# Work required
In the material below, the lines from the one containing "Arka plan beyaz" through the one containing "Cartera De Piel, Hell" are to be given again exactly, ends included, and no others.

Data shown Block Start

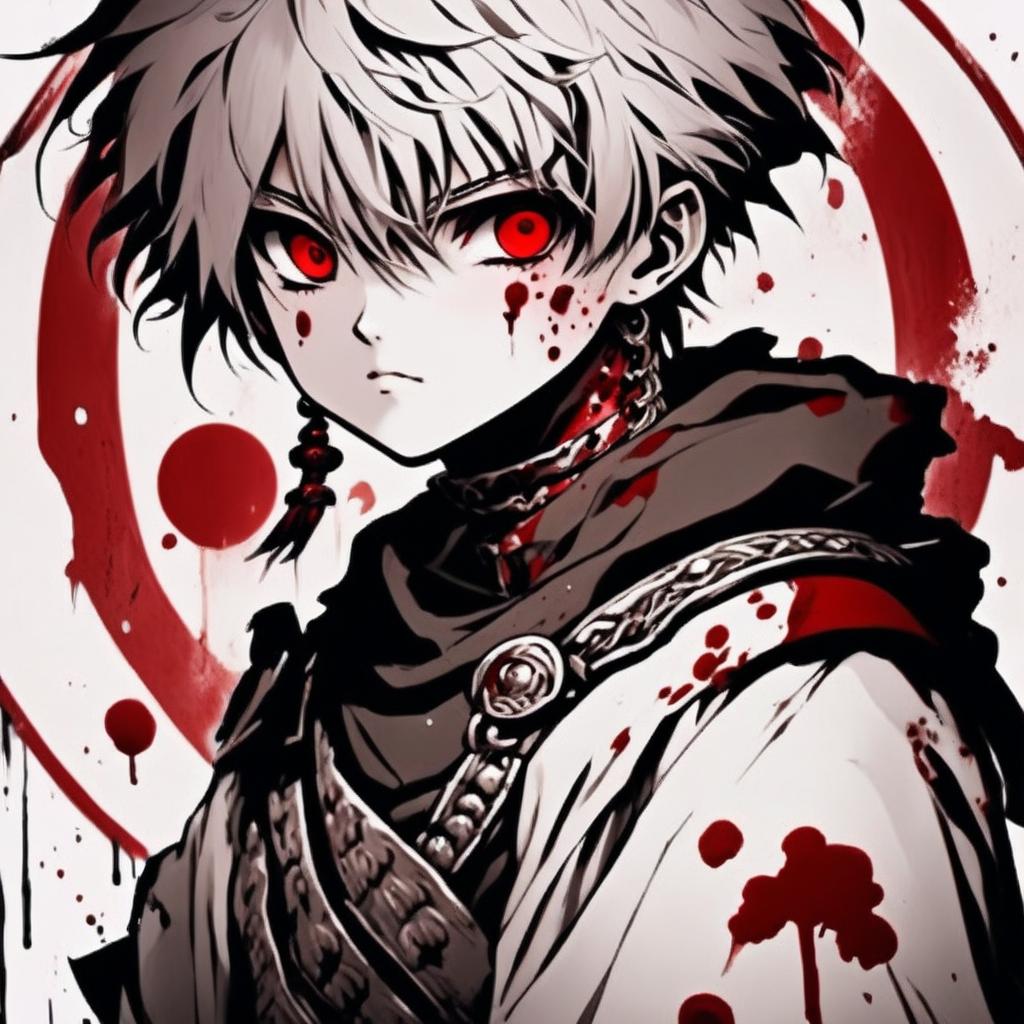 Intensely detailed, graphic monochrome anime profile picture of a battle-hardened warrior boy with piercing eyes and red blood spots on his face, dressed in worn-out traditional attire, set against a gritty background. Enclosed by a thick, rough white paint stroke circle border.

Data shown Block End
Data shown Block Start

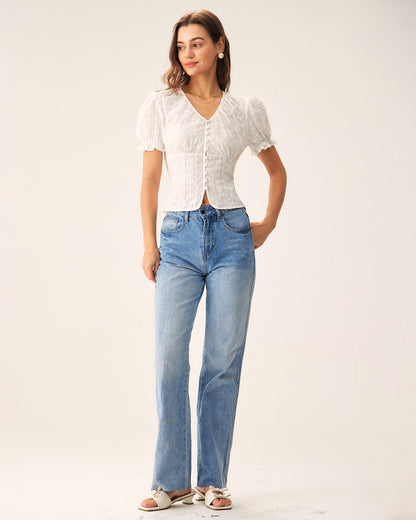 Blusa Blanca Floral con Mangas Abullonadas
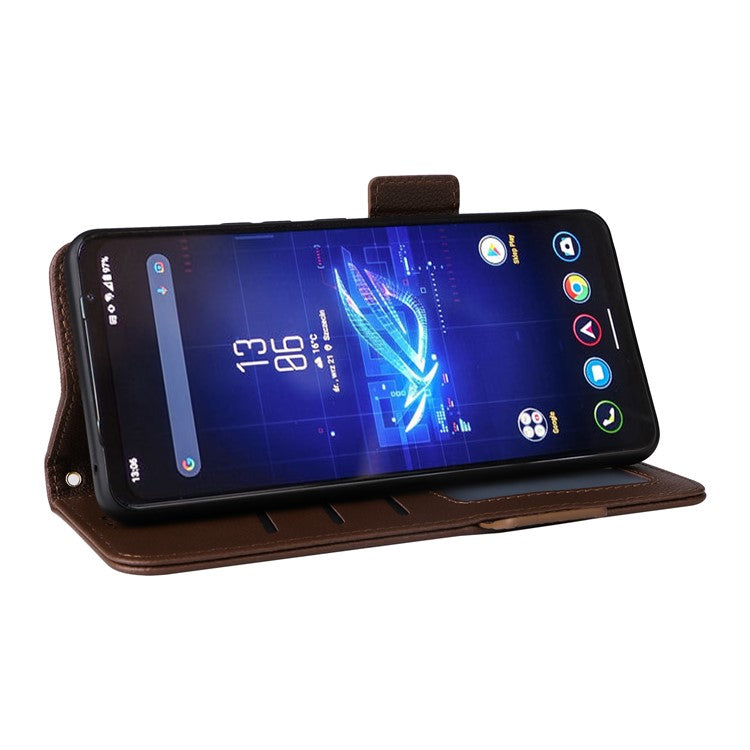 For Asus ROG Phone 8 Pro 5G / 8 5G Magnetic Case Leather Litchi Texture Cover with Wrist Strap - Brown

Data shown Block End
Data shown Block Start

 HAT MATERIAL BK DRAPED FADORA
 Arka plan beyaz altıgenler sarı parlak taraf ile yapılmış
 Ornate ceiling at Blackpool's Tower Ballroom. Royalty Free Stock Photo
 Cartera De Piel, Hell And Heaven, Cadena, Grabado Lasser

Data shown Block End

# The completed task
 Arka plan beyaz altıgenler sarı parlak taraf ile yapılmış
 Ornate ceiling at Blackpool's Tower Ballroom. Royalty Free Stock Photo
 Cartera De Piel, Hell And Heaven, Cadena, Grabado Lasser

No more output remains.